Project links for Persona-non Graphica
AI Bias and Stereotypes
AI systems learn from human-generated data, and that data inevitably reflects the assumptions, stereotypes, and inequalities present in society. At the same time, AI systems do not simply reproduce these patterns: once deployed, they can reinforce and amplify them, influencing how people perceive, categorize, and interact with others.
Our research investigates this two-way relationship between people, data, and AI. We examine how biases enter datasets and computational models, how system design can make some groups and perspectives less visible, and how AI-generated representations and behaviours can feed existing stereotypes back into human decision-making.
A particular concern is what gets left out. Data collection and modeling practices often favor majority groups, average across diverse experiences, or remove observations that do not fit dominant patterns. These choices can make differences and minority experiences statistically invisible. What appears to be a neutral or representative model may therefore encode a particular view of what is “normal,” while treating other experiences as exceptions or noise.

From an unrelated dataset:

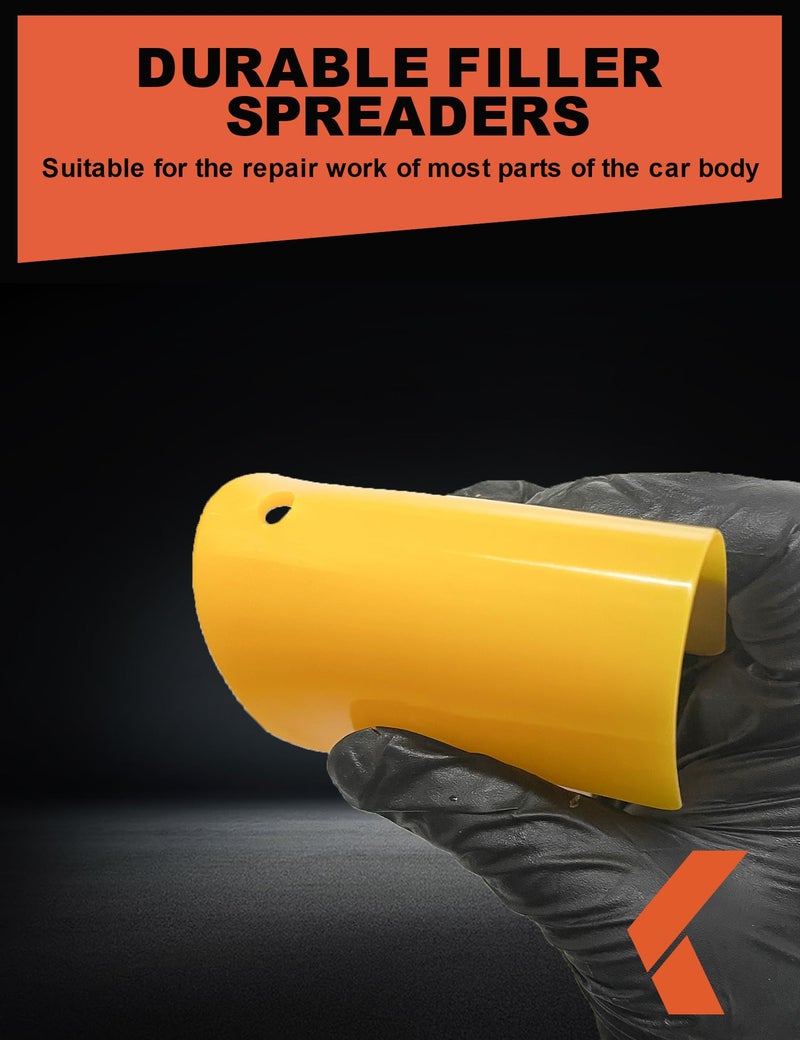 KREFINISH Body Filler Spreaders (Pack of 100) - 4" Yellow Reusable Plastic Spreader for Automotive Fillers, Putties, Glazes, Caulks and Paint - Image 5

We also study how AI agents themselves become social actors. Their appearance, language, roles, behaviours, and personas can trigger existing stereotypes and create new expectations about what different kinds of agents—or the people they represent—should be like. These expectations can then influence how people interact with and evaluate AI.
Our research examines
Bias in Human-Generated Data
How social assumptions, unequal representation, and historical biases become embedded in datasets and models.
Missing & Marginalized Data
How underrepresented groups, atypical experiences, and minority perspectives can disappear through data collection, aggregation, or model optimization.
Stereotypes in AI
How models and artificial agents reproduce, amplify, or potentially challenge existing social stereotypes.
AI as a Feedback Loop
How AI-generated representations influence people's perceptions, expectations, and subsequent behaviour, potentially reinforcing the patterns from which the systems learned.
Plurality & Difference
How AI can represent variation between people rather than averaging diverse experiences into a single “typical” user or behaviour.
Contextual Interpretation
Recognizing that human behaviour and social meaning cannot always be reduced to one correct label or prediction.
Ultimately, we ask not only “Is the AI biased?”, but also:
“What assumptions about people are embedded in the data and design of AI— and what happens when those assumptions become part of how people understand one another?”
Our goal is to develop AI systems that better preserve human diversity, uncertainty, and plurality, rather than making differences invisible in the pursuit of a single generalized model.